HDTV Fun Fact: Laid end-to-end, the stretch marks on Ariel's stomach would reach the orbit of the International Space Station.
Twelve years later, Melody is seen swimming in the ocean, breaking the surface in a very familiar manner. She then proceeds to ask Sebastian "what's kickin'," indicating that in this universe, the technological breakthroughs that led to hip-hop occured quite some time before ours. Underwater, Melody discovers the amulet, which was discarded at the beginning. Simultaneously, Morgana discovers this, and begins plotting. Melody sneaks back into the castle, where a party is being held, attended by snobby and ill-mannered children. We then see Ariel in a brief solitary moment, dipping her toes into the sea, smelling the air, and possibly experiencing the first brine-induced orgasm. Melody talks with her mother, and is about to reveal her desire to go beyond the wall, when both are interrupted by a strangely oafish Prince Eric, who may have had throat surgery since the first film (more on this later).

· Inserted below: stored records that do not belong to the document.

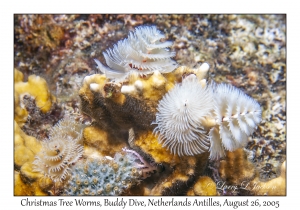 Christmas Tree Worms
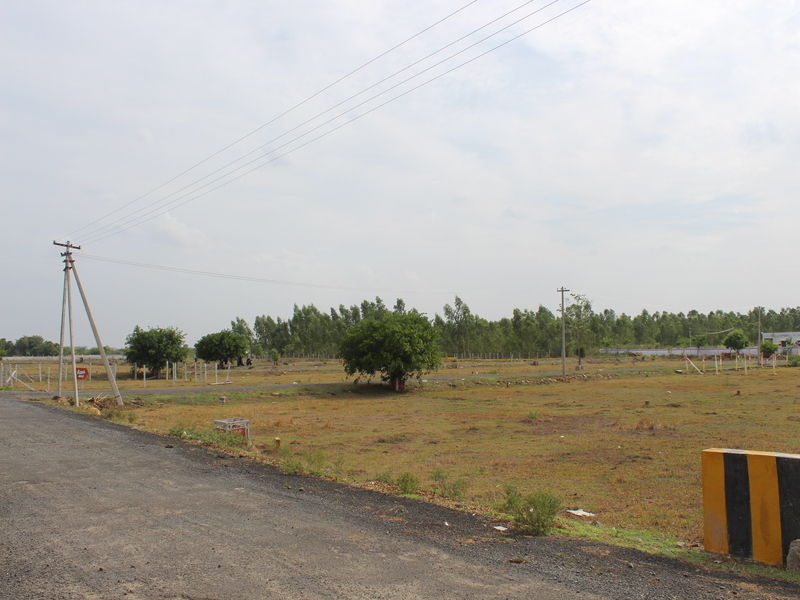 BLB Sree Narasimha Nagar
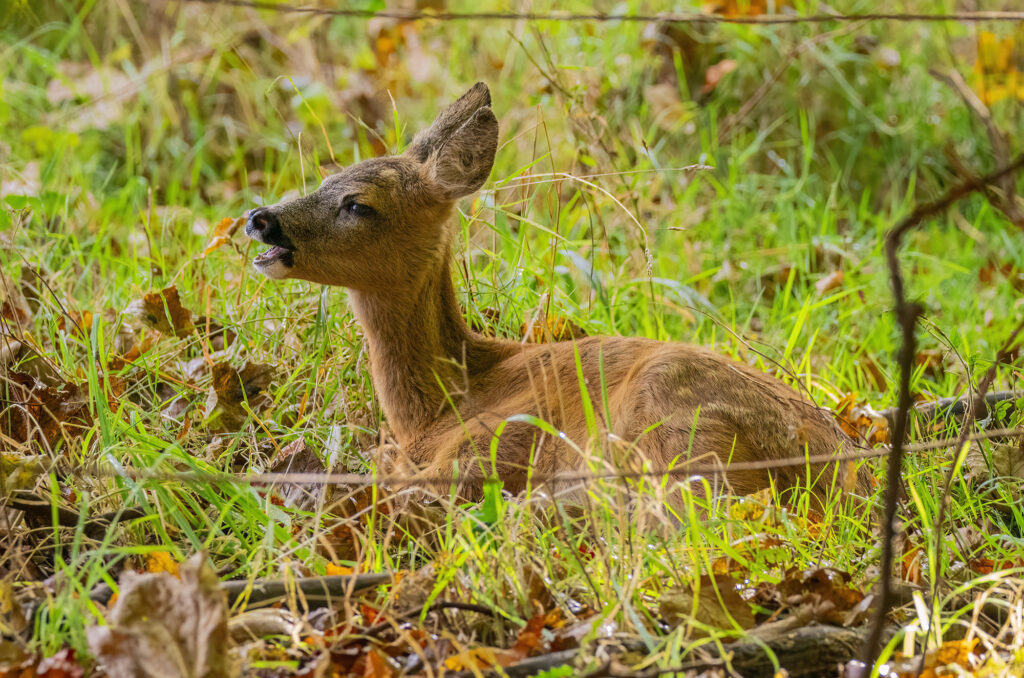 Photo of a roe deer kid sitting on the ground with its head raised, its mouth open and its eyes half closed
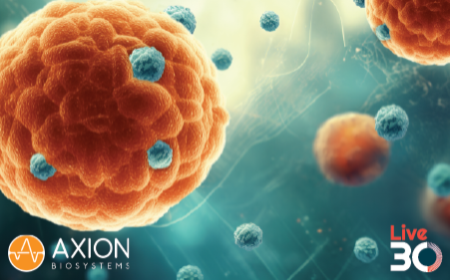 ﻿﻿Assessing CAR-T cell therapy in vitro using patient-derived glioblastoma organoids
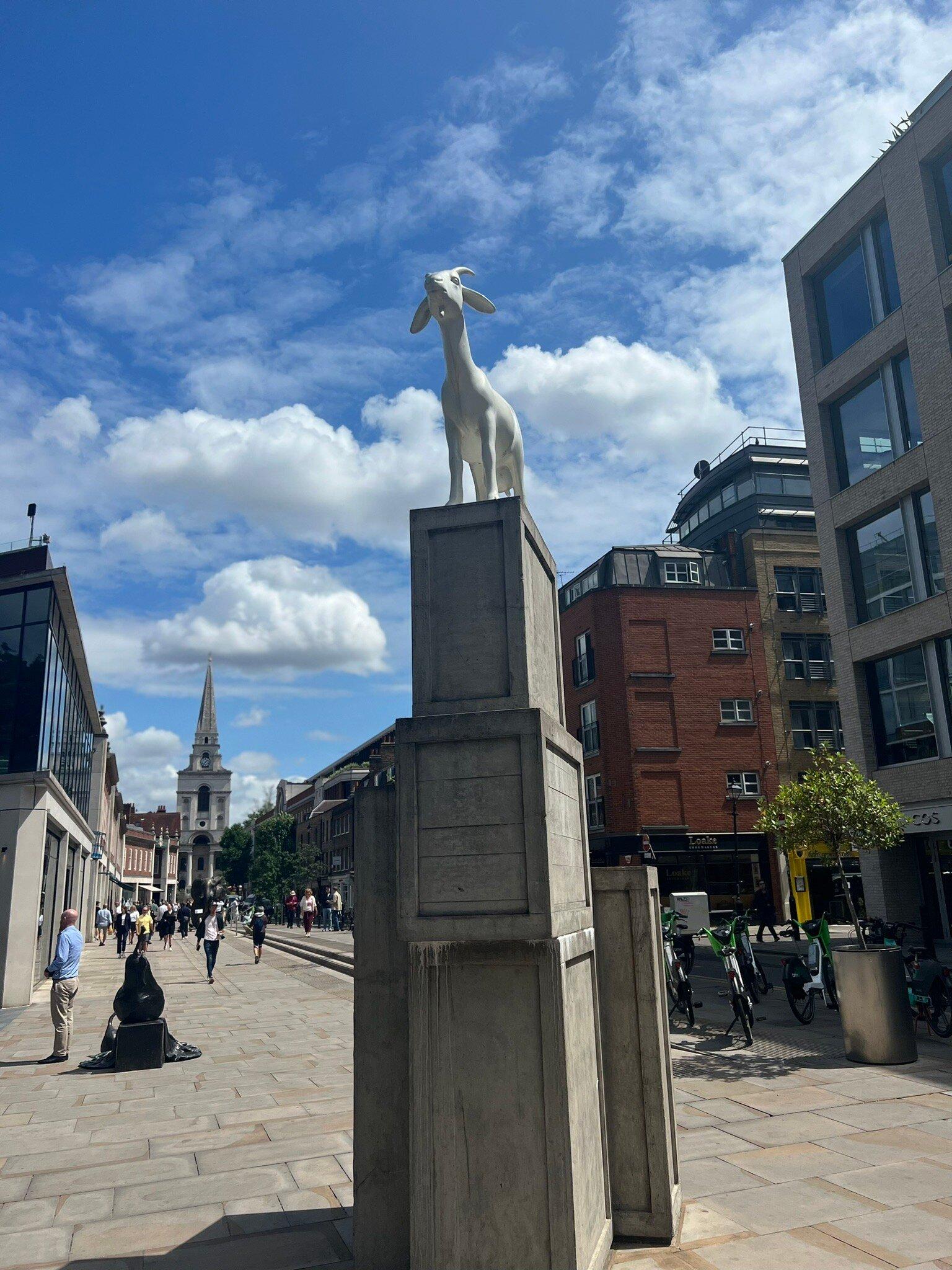 Photo by StephenCr0ss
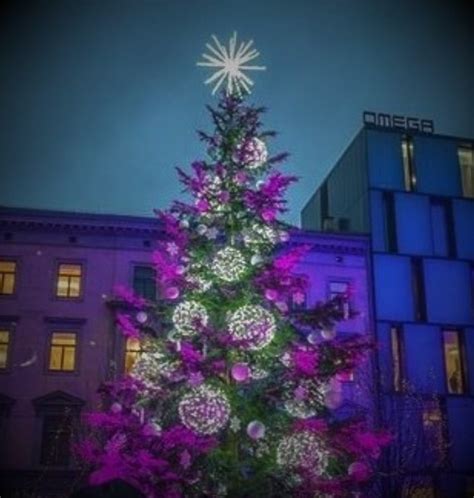Rozsvícení Vánočního Stromu V Brně Náměstí Svobody Brno Informujicz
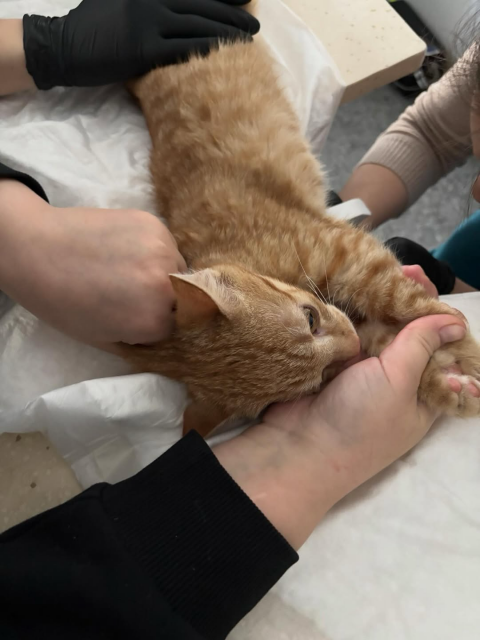 Baby Milton needs your help 🙏🏻.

At the party, Melody is asked to dance by a young boy, and a brief waltz commences, with very generic music by some sort of Johann Strauss II-derived supercomputer. Sebastian, caught up in Melody's dress, accidentally clamps down on the unlucky chum's finger, causing chaos, and a second attempt at arthropodicide by the chef (still working at the castle for some reason). Embarassed, Melody runs to her room, followed by Ariel. A discussion about *sigh* generic tween problems is interrupted by Melody opening the amulet and seeing a brief glimpse of Atlantica (as well as an advertisement for Bob's Wild Wacky Hydrothermal Giant Tube Worm Emporium). As this means Melody has entered the ocean, Ariel enters a maternal rage, sending her daughter out of the room crying. Finding a small rowboat, Melody decides to run away and discover her undersea roots.
Loli haet!
Melody is intercepted by one of Morgana's minions, who informs her that she can help Melody find out about her origins, and is towed by two menacing-looking rays towards the icy polar home of the sea witch. At Morgana's hideout, Melody is turned into a mermaid through the last remnants of Ursula's magic. At the same time, Ariel and Eric speak to Triton, who agrees to transform Ariel back into a mermaid so that she can more effectively search for her daughter. Back in the arctic, Melody sings about being a mermaid (ugh). After a dreadfully pedestrian musical number, Morgana reveals to Melody that the spell is temporary, and the only way to make it permanent is to find Triton's trident, which Morgana claims was originally hers and was stolen. On her way to Atlantica, where the heist will take place, Melody meets Tip and Dash, a penguin and walrus pair. There's something oddly familiar about these two (see analysis). They join Melody, and begin another musical number.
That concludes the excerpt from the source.